Material for this task
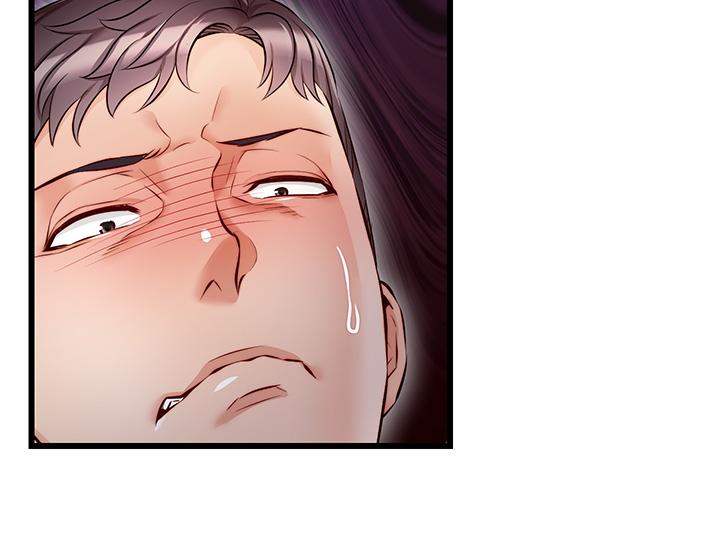 爸爸,请进!第4话-教授的性爱玩具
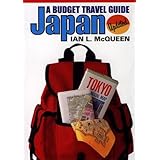 japan a budget travel guide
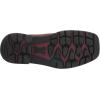 imageAriat Mens Big Rig Waterproof Composite Toe Work BootMesa BrownBlack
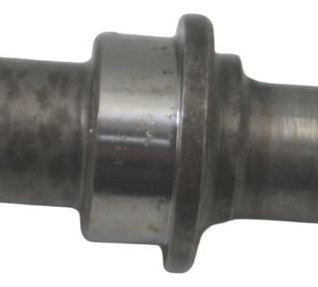 Pino Acionador Embreagem Honda Cb 650 F 15-18 Original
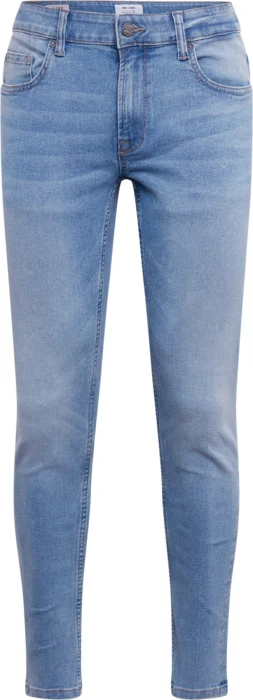 ONLY & SONS Skinny Mid Warp (Herren)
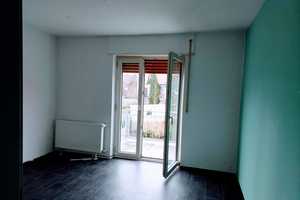 VERKAUFT!  Gelegenheit! attr. 2 FH mit Garten , Hof + Garage! keine Käuferprov.!!! – Rhein-Pfalz-Kreis – Vorschaubild 7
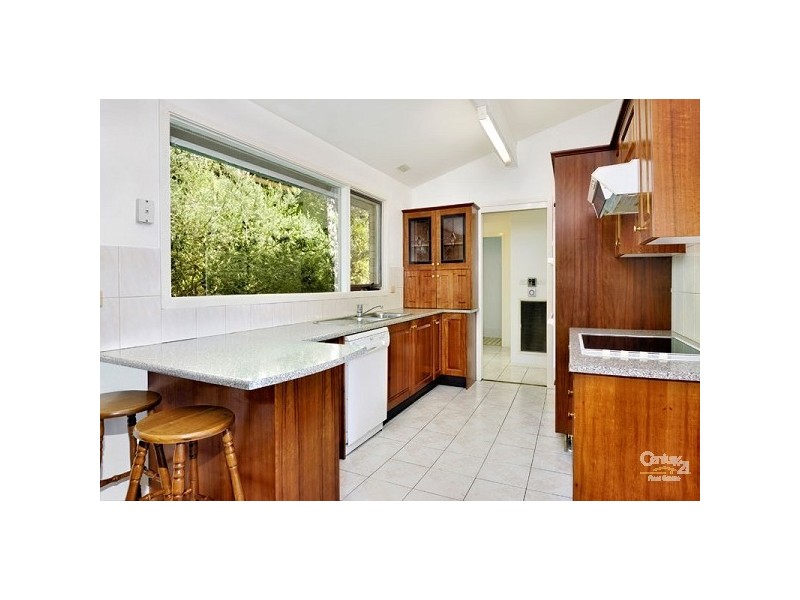59 Buchanan Avenue, Bonnet Bay NSW 2226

Your task
Here the requirement is to restate exactly the line holding "Pino Acionador Embreagem" and every later line through the end of the material, omitting pictures.

Your solution
 Pino Acionador Embreagem Honda Cb 650 F 15-18 Original
 ONLY & SONS Skinny Mid Warp (Herren)
 VERKAUFT!  Gelegenheit! attr. 2 FH mit Garten , Hof + Garage! keine Käuferprov.!!! – Rhein-Pfalz-Kreis – Vorschaubild 7
59 Buchanan Avenue, Bonnet Bay NSW 2226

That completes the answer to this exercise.